ABOUT THIS TASK: Your copy of the entries below should hold exactly the lines from the one containing "Summer Symbols Fabric Discount" to the one containing "Water Over Stones", inclusive, and no pictures.

---------- DATA SECTION ----------

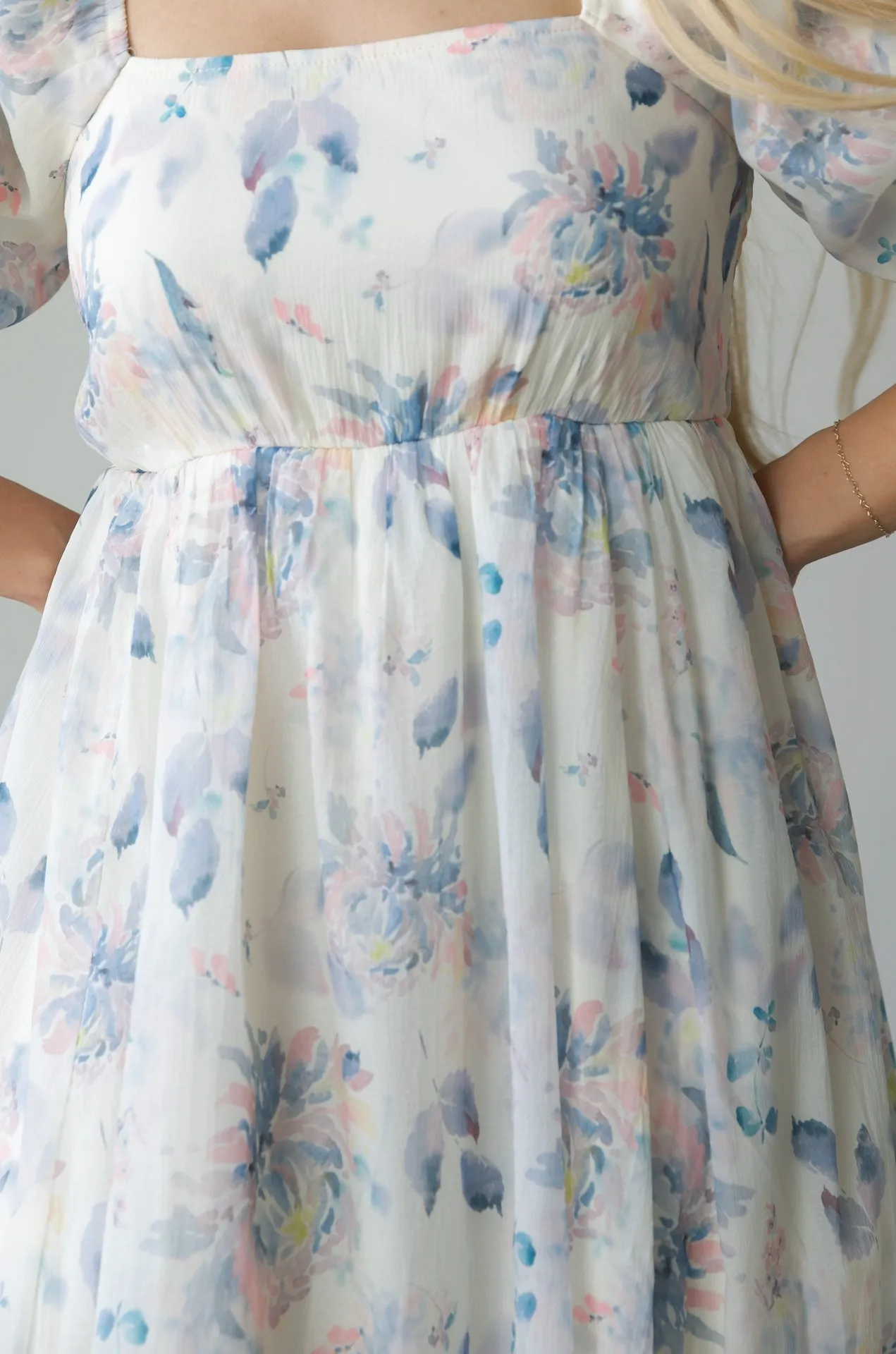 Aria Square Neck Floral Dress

----------
---------- DATA SECTION ----------

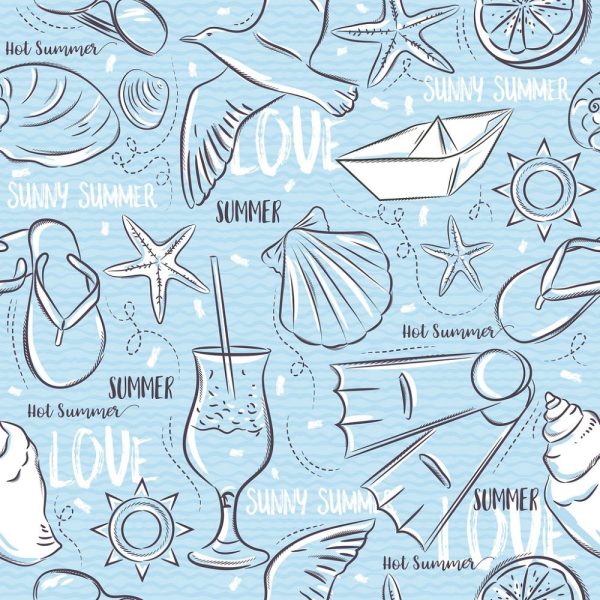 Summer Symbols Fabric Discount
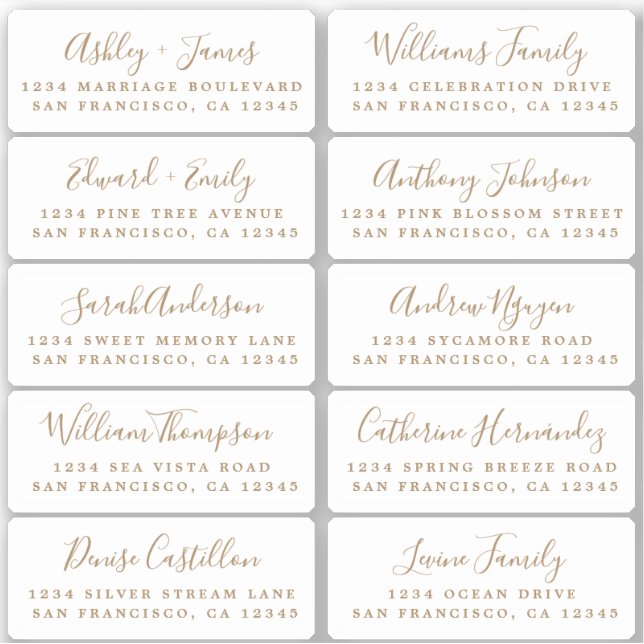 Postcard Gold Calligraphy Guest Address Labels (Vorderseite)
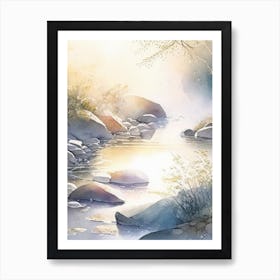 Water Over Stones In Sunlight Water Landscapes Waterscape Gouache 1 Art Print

----------
---------- DATA SECTION ----------

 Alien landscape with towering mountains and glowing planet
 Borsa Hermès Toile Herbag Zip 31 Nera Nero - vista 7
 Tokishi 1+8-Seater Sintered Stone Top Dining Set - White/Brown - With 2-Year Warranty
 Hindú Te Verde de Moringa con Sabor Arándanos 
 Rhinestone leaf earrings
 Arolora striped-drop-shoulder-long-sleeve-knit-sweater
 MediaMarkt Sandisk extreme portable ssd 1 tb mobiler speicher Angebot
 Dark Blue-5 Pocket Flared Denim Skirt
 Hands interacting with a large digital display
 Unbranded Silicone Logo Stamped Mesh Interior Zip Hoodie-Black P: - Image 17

----------

OUTPUT OF THE EXERCISE:
 Summer Symbols Fabric Discount
 Postcard Gold Calligraphy Guest Address Labels (Vorderseite)
 Water Over Stones In Sunlight Water Landscapes Waterscape Gouache 1 Art Print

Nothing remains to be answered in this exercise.